I saw that curious headline last week in my parents' local agitprop rag over Thanksgiving.
HC is The College of the Holy Cross, probably Worcester, Massachusetts' best and most widely known attraction.
The summary quote:
The demolitions are part of a strategy by college officials to cut down on rowdy behavior and partying by students, which have driven a deep wedge between the Jesuit institution and its neighbors.
The college said it will aggressively seek to purchase other homes that come on the market, preventing absentee landlords from buying those properties and subsequently leasing them to students.
So let me get this straight, the college punks are rowdy....so the school is going to demolish nearby buildings?
Doesn't that strike y'all as a pretty *blunt* solution?
Now that same holiday I got to spend extensive time with two of my intellectually superior uncles, both of whom happen to have attended Holy Cross back in the 60s, before it went co-ed, and when it was allegedly ranked *up there with Harvard*.
On Thanksgiving, one of them told me about a professor of English he had at Holy Cross. Every week, the instructor, a priest I believe, would, in addition to a class, meet individually with each student for a half hour or so.
During that time, each pupil would generally have to present/read the paper they were assigned the week before.
So after one such meeting, Rev. Thomas Grace said to my uncle,
"For next week, I want you to read the Snopes trilogy by William Faulkner. And I want your paper to compare imagery, symbolism,...across the three books."
My uncle pooped his pants.
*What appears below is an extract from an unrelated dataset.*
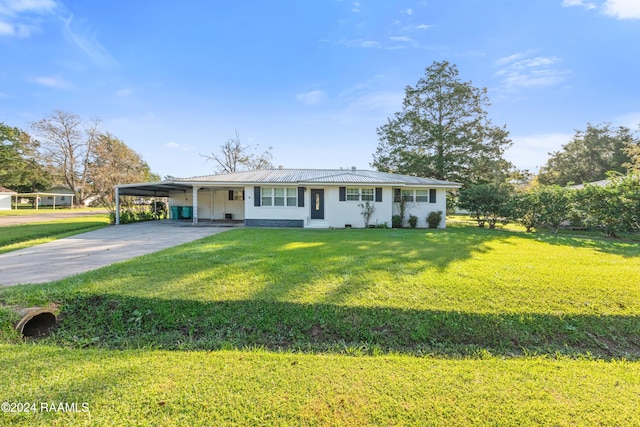 ranch-style house featuring a front yard and a carport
Those books spanned *1300 pages* - and not just any 1,300 pages...1,300 PAGES OF WILLIAM FAULKNER with his drunken run-on sentences!
For example, from Absalom, Absalom!:
From a little after two oclock until almost sundown of the long still hot weary dead September afternoon they sat in what Miss Coldfield still called the office because her father had called it that-a dim hot airless room with the blinds all closed and fastened for forty-three summers because when she was a girl someone had believed that light and moving air carried heat and that dark was always cooler, and which (as the sun shone fuller and fuller on that side of the house) became latticed with yellow slashes full of dust motes which Quentin thought of as being flecks of the dead old dried paint itself blown inward from the scaling blinds as wind might have blown them. There was a wistaria vine blooming for the second time that summer on a wooden trellis before one window, into which sparrows came now and then in random gusts, making a dry vivid dusty sound before going away: and opposite Quentin, Miss Coldfield in the eternal black which she had worn for forty-three years now, whether for sister, father, or nothusband none knew, sitting so bolt upright in the straight hard chair that was so tall for her that her legs hung straight and rigid as if she had iron shinbones and ankles, clear of the floor with that air of impotent and static rage like children's feet, and talking in that grim haggard amazed voice until at last listening would renege and hearing-sense self-confound and the long-dead object of her impotent yet indomitable frustration would appear, as though by outraged recapitulation evoked, quiet inattentive and harmless, out of the biding and dreamy and victorious dust.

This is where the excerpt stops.